Search code examples
pythonweb-scrapingbeautifulsoup

Scrape HTML Table in Python


I am trying to scrape the SEC report page to pull some basic info on a number of tickers.

Here is an example URL for Apple - https://sec.report/CIK/0000320193

Within the page is a 'Company Details' table which includes basic info. I am essentially trying to just scrape the IRS Number, State of Incorp and Address.

I am cool with just scraping this chart and saving it into a PD Df. I am very new to web scraping so looking for some tips to make this work! Below is my code, but I don't know where to go once I extract the panel body. Thanks guys!

session = requests.Session()
headers = {'User-Agent': 'Mozilla/5.0 (Windows NT 6.1; WOW64) AppleWebKit/537.36 (KHTML, like Gecko) Chrome/56.0.2924.76 Safari/537.36'}
page = requests.get('https://sec.report/CIK/0000051143.html', headers = headers)
page.content

from bs4 import BeautifulSoup
soup = BeautifulSoup(page.content, 'html.parser')

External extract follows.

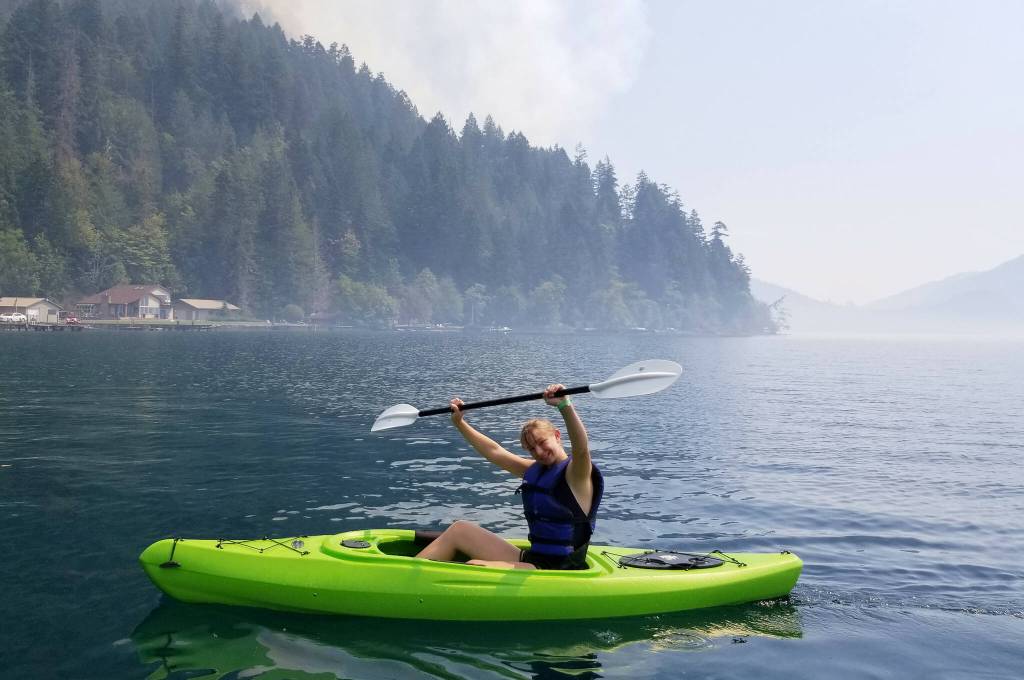 Photo courtesy Peter Craig/ Grace Kathol enjoys checking off requirements for the kayaking merit badge in Lake Crescent during her scouting time.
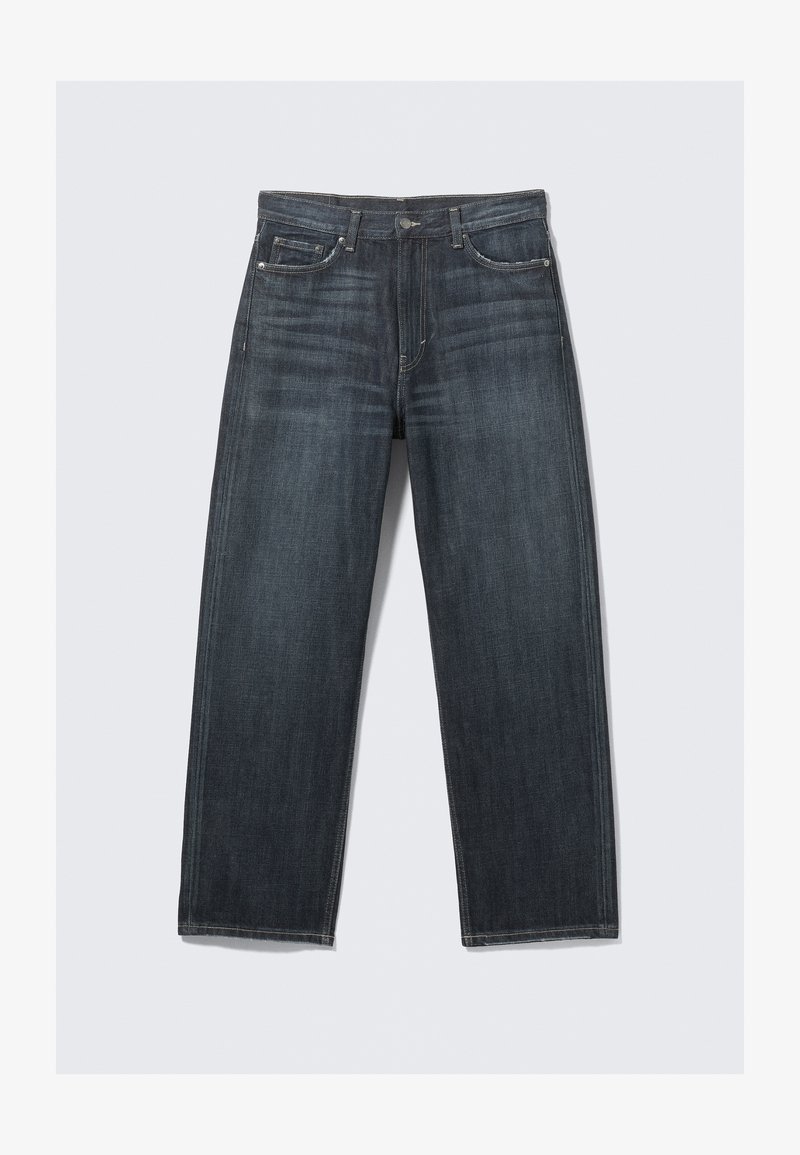 Tumši zili taisnas kājas džinsi no džinsa. Ir piecas kabatas, rāvējslēdzēja aizdare un redzamas šuves gar šuvēm.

soup.find_all(class_='panel-body')

Solution

  • Instead of BeautifoulSoup try with lxml package, for me it's easier to find elements with xpath sentences:

    import requests
    from lxml import html
    
    session = requests.Session()
    headers = {'User-Agent': 'Mozilla/5.0 (Windows NT 6.1; WOW64) AppleWebKit/537.36 (KHTML, like Gecko) Chrome/56.0.2924.76 Safari/537.36'}
    page = requests.get('https://sec.report/CIK/0000051143', headers=headers)
    
    raw_html = html.fromstring(page.text)
    
    irs = raw_html.xpath('//tr[./td[contains(text(),"IRS Number")]]/td[2]/text()')[0]
    
    state_incorp = raw_html.xpath('//tr[./td[contains(text(),"State of Incorporation")]]/td[2]/text()')
    
    address = raw_html.xpath('//tr[./td[contains(text(),"Business Address")]]/td[2]/text()')[0]